É possível que já estejamos em estado vegetativo, chamando de liberdade o que não se diferencia de viver conectado a aparelhos. Dependemos de telas cada vez mais. A autonomia que acreditamos ter para escolher acaba sendo redundante quando todas as opções no fundo obedecem uma única lógica. O modo como somos conduzidos a criar um mundo imaginário evoluiu muito, mas a questão é que nosso tempo continua sendo investido naquilo que não existe. A interatividade é um passo do processo que parece mudar tudo, mas assim são todos os passos quando nós ainda estamos nele. E o fato de que o melhor espaço para criticar a internet é a própria internet torna tudo ainda mais complicado.

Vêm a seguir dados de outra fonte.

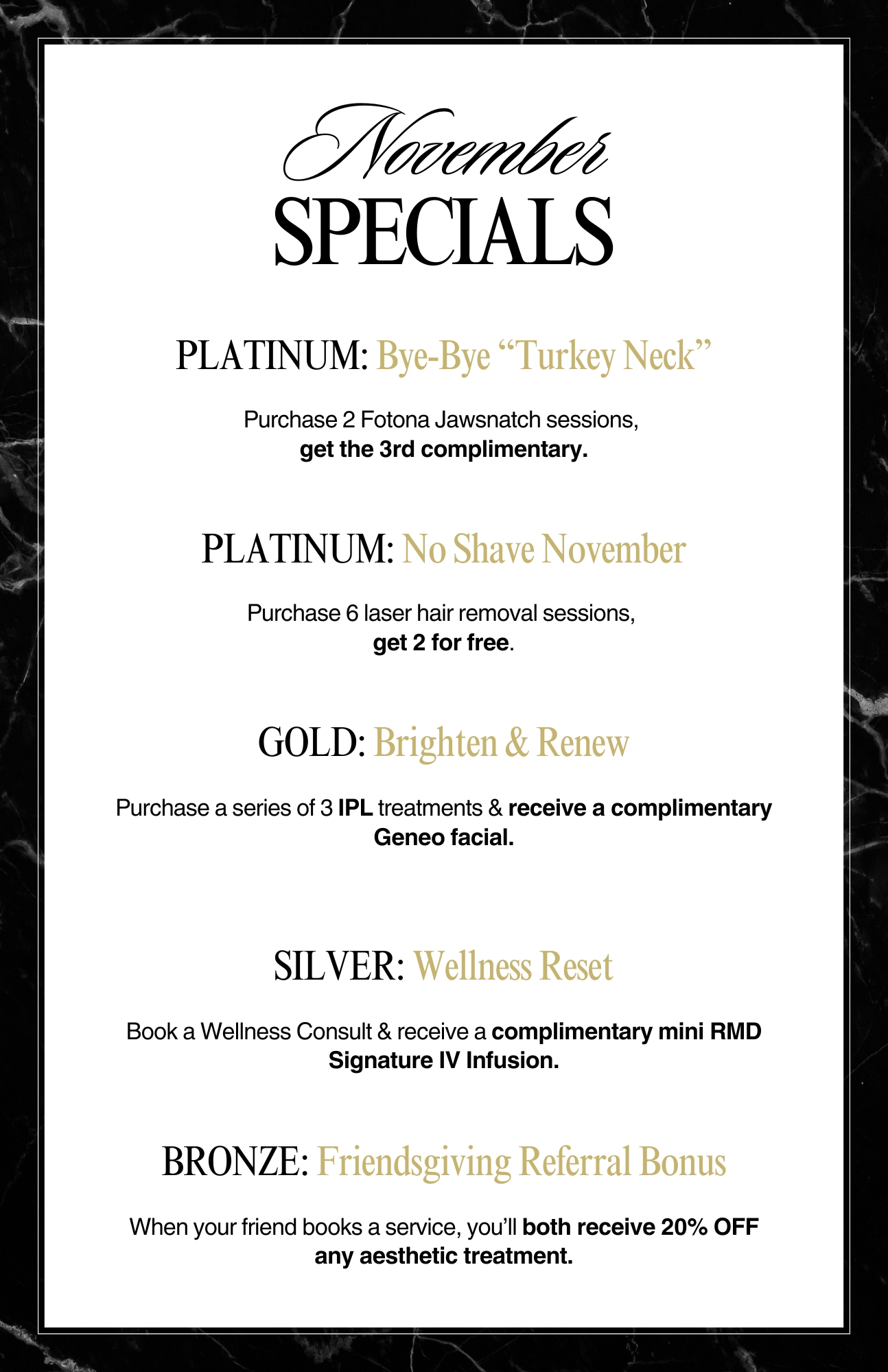 November specials at RevitalyzeMD in Knoxville, TN.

quinta-feira, 13 de janeiro de 2011

Beleza e intolerância à verdade

Fonte: Desconhecida
Autor: Quino

O tema é: Verdade.

Vivemos numa sociedade onde a mentira é um modo aceitável de deixar as coisas mais bonitas e menos complicadas, mesmo que essa mentira seja uma omissão ou uma maquiagem. "Onde a ignorância é felicidade, é tolice ser sábio", disse o poeta inglês Thomas Gray, ainda no século XVIII. Mas o conforto causado pela omissão de um dado revela algo mais grave: nossa intolerância à verdade. Nós queremos que nossa imagem seja lembrada pelas pessoas, mas não queremos que essa imagem seja avaliada pelo que realmente é. Ou seja, queremos ser considerados belos, ainda que de fato não sejamos. É esta idéia que está pressuposta em: "se eu não me achar bonita, quem me achará?". Mas atribuir uma qualidade a si mesmo, sem se preocupar se ela é verdadeira, é apenas mentir. A questão é saber porque passamos a depender dessa mentira. Porque chegamos a entrar em depressão quando somos expostos à nossa  verdadeira imagem? 

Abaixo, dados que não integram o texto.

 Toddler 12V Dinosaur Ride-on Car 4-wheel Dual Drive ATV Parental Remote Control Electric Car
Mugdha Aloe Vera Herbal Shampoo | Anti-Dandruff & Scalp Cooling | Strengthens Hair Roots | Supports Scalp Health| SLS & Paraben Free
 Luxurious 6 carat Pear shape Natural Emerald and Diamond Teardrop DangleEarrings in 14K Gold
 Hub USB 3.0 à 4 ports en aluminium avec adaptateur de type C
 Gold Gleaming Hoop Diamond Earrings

A intolerância à verdade revela nossa competitividade e nosso desejo de domínio, de tomar o que é do outro para nós. Quando queremos tomar a imagem de um outro para nós mesmos, revelamos nossa intolerância a quem realmente somos, reproduzindo o discurso depreciativo dirigido aos que não se destacam. Aqueles que recebem mais atenção são precisamente aqueles que melhor selecionam o que devem mostrar e o que não devem. Disfarçam sua verdadeira imagem por trás de uma imagem artificial, que é criada por eles para atender uma demanda social, que apenas imita padrões que são considerados bonitos pelas pessoas. O resultado é que a busca da beleza como manipulação da imagem, seja direta ou indireta, pode levar a uma engenharia do consentimento. Tratamos algo como belo somente por atrair a atenção de mais pessoas. E nesse processo, estamos negando sistematicamente a verdade, substituindo-a por critérios de conveniência.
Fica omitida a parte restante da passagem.